While some economists are cautiously optimistic about the future of the economy, executive leaders are still facing high inflation, rising interest rates and shifting consumer spending trends.
To best position their organization to weather continuing economic headwinds, the C-suite and other members of executive leadership must be united in their approach — but, as recent data from leadership advisory firm Russell Reynolds shows, many executives appear to be losing confidence in their executive leadership team’s ability to respond confidently to market uncertainty.
CFOs serve a crucial role during such times — finance leaders can help both to make the companies’ position more transparent to their C-suite peers and to help the executive team make strategic decisions to put the organization ahead in a rocky market, Jim Lawson, co-leader of the global financial practice at Russell Reynolds said.
The CFO is “always going to be rooted in the reality of the financial data,” Lawson said in an interview, and “not all of their C-suite peers are going to be as analytic and numerate.”
Sharing the CFO perspective
With overall confidence in executive leadership declining — Russell Reynolds data found confidence among CEOs, C-suite leaders and other executive leaders fell by 4.9 points between 2021 and the end of 2022, according to its index — getting a clear picture into the realities of one’s business and how to respond to shifting macroeconomic factors is crucial.
CFOs have visibility into where the business is going, Lawson said, and are also often the first executive to have to explain the results they are seeing and “put their reputation on the line” to their boards, he said.
Companies’ finance leaders are also the ones responsible for making sure the company is not just cutting costs in order to brace for a potential downturn, but to ensure their firms are prepared for the other side of the dip. As their C-suite peers discuss where they might be looking to invest or what initiatives they want to focus on, “the CFO’s role is really to bring everyone back to the reality of the situation,” Lawson said.
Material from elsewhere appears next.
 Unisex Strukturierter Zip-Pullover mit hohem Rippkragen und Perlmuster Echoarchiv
In order to do so, CFOs need to be sure that they are “sharing their perspective and communicating” with others in the C-suite, Lawson said, while also keeping in mind that their fellow leaders may not have the same background or training when it comes to interpreting financial or market data. Building out stronger, individual relationships with others in the C-suite can help financial leaders better bring their peers on board with the realities of the market.
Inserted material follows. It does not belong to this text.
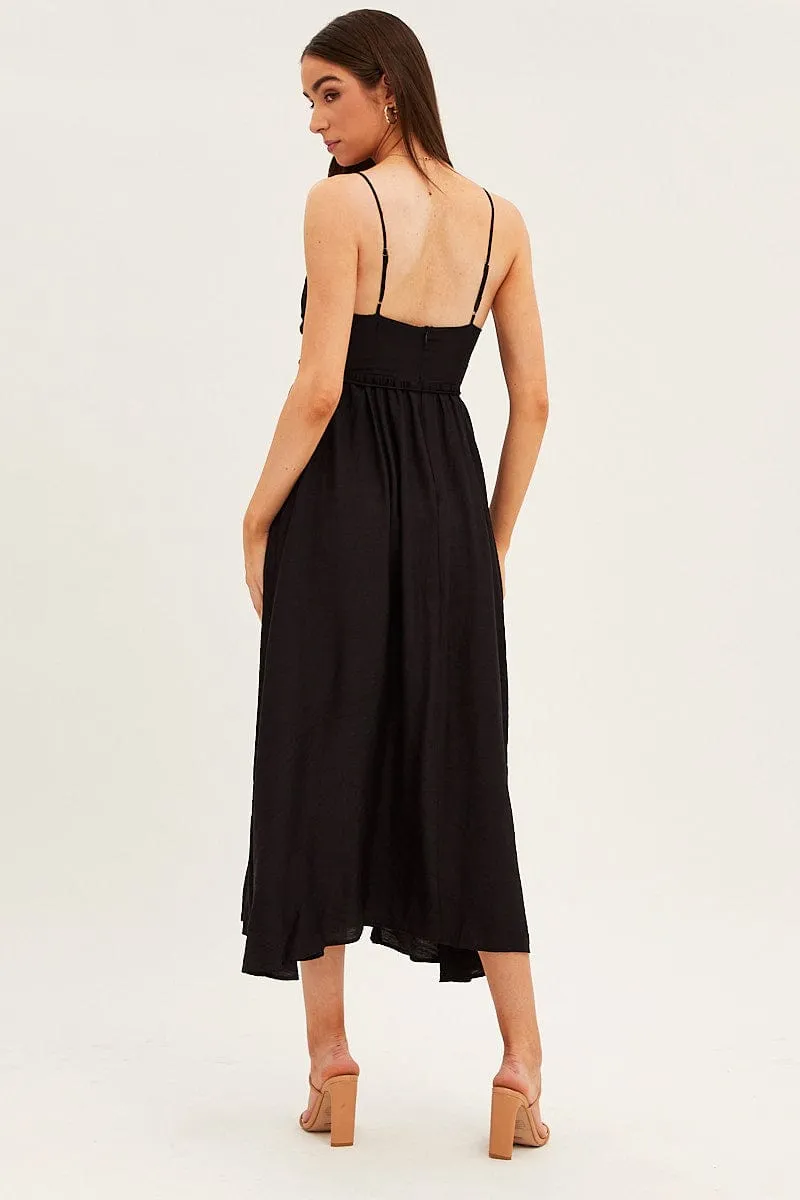 Black Twist Front Detail Satin Maxi Dress sold by Ally Fashion product image thumbnail 5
CFOs can take steps like spending more one-on-one time with their C suite peers and explaining how their individual department or business unit is going to be impacted by market shifts, Lawson said.
Making space for next-gen leadership
Besides CEOs and other C-suite leaders, the future leaders that are rising through the ranks are also reporting slumping confidence in the abilities of their leadership team, according to Russell Reynolds data. These include executives who are currently one or two levels below the C-suite, and are typically responsible for executing business strategies once decided.
Overall, confidence by these executives in their current leaders slumped by 5.6 points between 2021 and 2022, according to Russell Reynolds, with confidence in the teams’ ability to respond to critical issues retreating by 7.8 points.
Senior leadership and those behind them take different tacks — emerging leaders are trained to use technology to help predict outcomes, Lawson said, while more senior leaders rely upon their experience to help make strategic judgements.
“I think that there's tension in the system between the next generation leaders and more senior leaders, who are used to leading through more of their experience and wisdom, versus being as analytic as the next generation is,” Lawson said.
This dichotomy can also be seen within the C-suite, as “old school” and “new generation” CFOs tackle expenses and other challenges in different ways. Melding the wisdom of an experienced CFO with the data skills of the new generation would be the ideal mix for a finance leader, Vikram Bhandari, CEO and founder of technology and consulting firm Yantra previously told CFO Dive.
More and more CFOs are looking to data analytics and other technologies to help them assess future trends and make determinations on how certain moves could impact company profitability, Bhandari said — a trend which also makes robust relationships within the C-suite essential. A sturdy relationship between the CFO and CIO can help companies best optimize their technology spend, for example, providing key benefits both during and past a downturn.